* Task *
Write out the opening lines of the data word for word, up to and including the line with "Cement mixer, putty", and leave every picture and every later line out.

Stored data
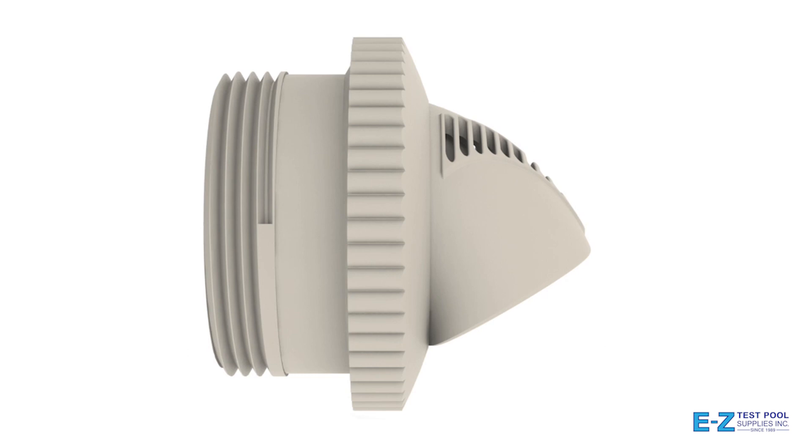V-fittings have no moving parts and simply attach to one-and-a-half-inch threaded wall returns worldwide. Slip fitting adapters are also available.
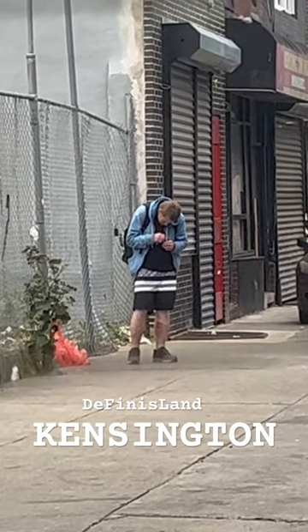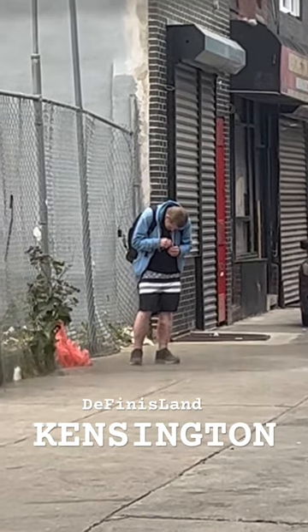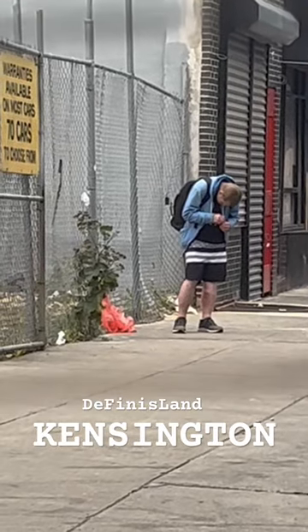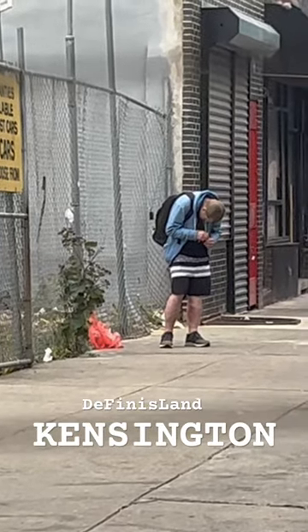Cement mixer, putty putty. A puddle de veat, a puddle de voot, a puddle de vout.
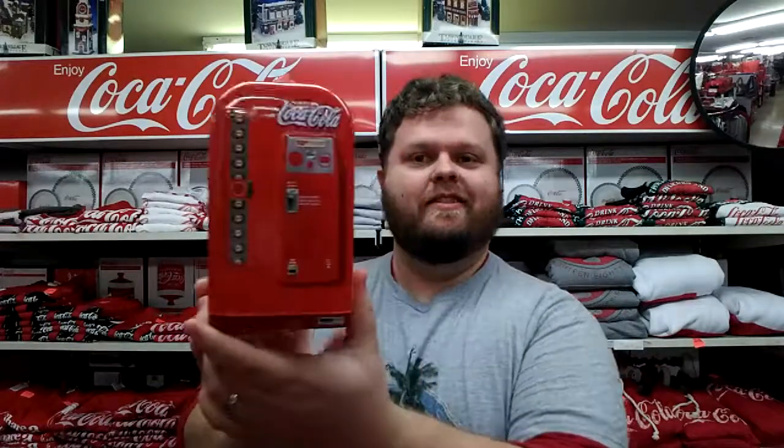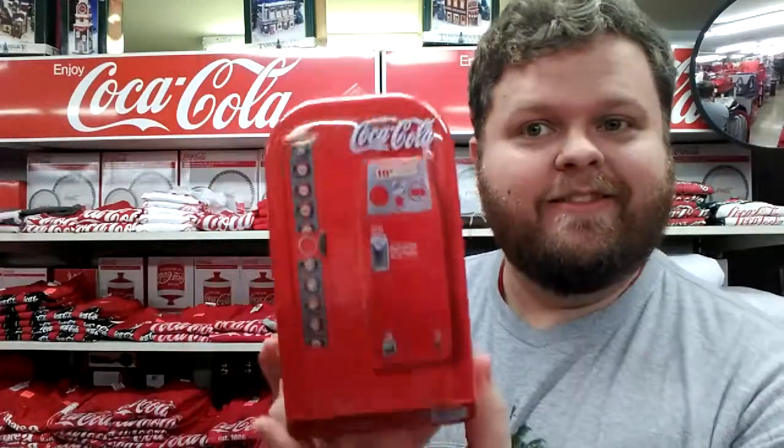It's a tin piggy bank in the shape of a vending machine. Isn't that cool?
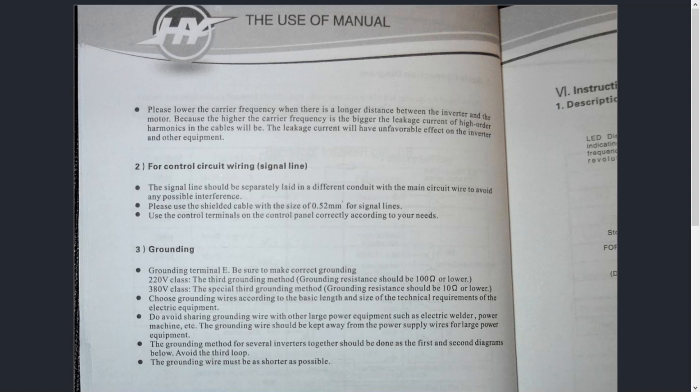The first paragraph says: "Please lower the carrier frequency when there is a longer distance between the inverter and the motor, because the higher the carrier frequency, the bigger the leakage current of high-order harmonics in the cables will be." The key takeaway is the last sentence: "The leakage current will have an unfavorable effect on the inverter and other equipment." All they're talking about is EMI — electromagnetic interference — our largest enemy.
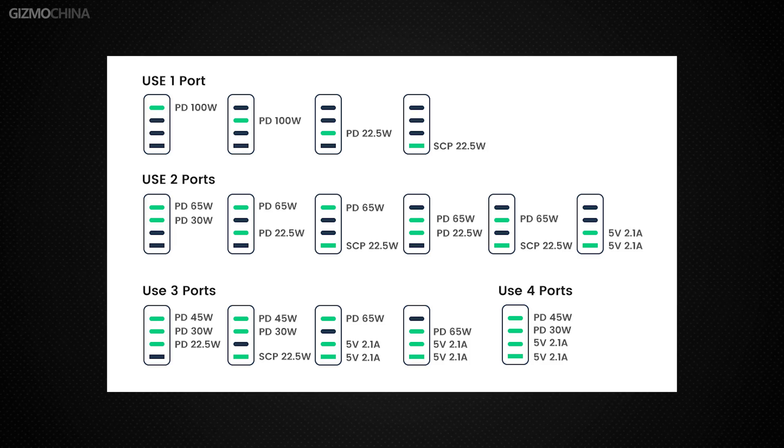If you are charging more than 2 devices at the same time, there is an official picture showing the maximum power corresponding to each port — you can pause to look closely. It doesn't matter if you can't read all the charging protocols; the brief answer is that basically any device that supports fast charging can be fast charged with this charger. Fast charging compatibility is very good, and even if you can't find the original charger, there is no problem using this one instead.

* Written answer *
V-fittings have no moving parts and simply attach to one-and-a-half-inch threaded wall returns worldwide. Slip fitting adapters are also available.
Cement mixer, putty putty. A puddle de veat, a puddle de voot, a puddle de vout.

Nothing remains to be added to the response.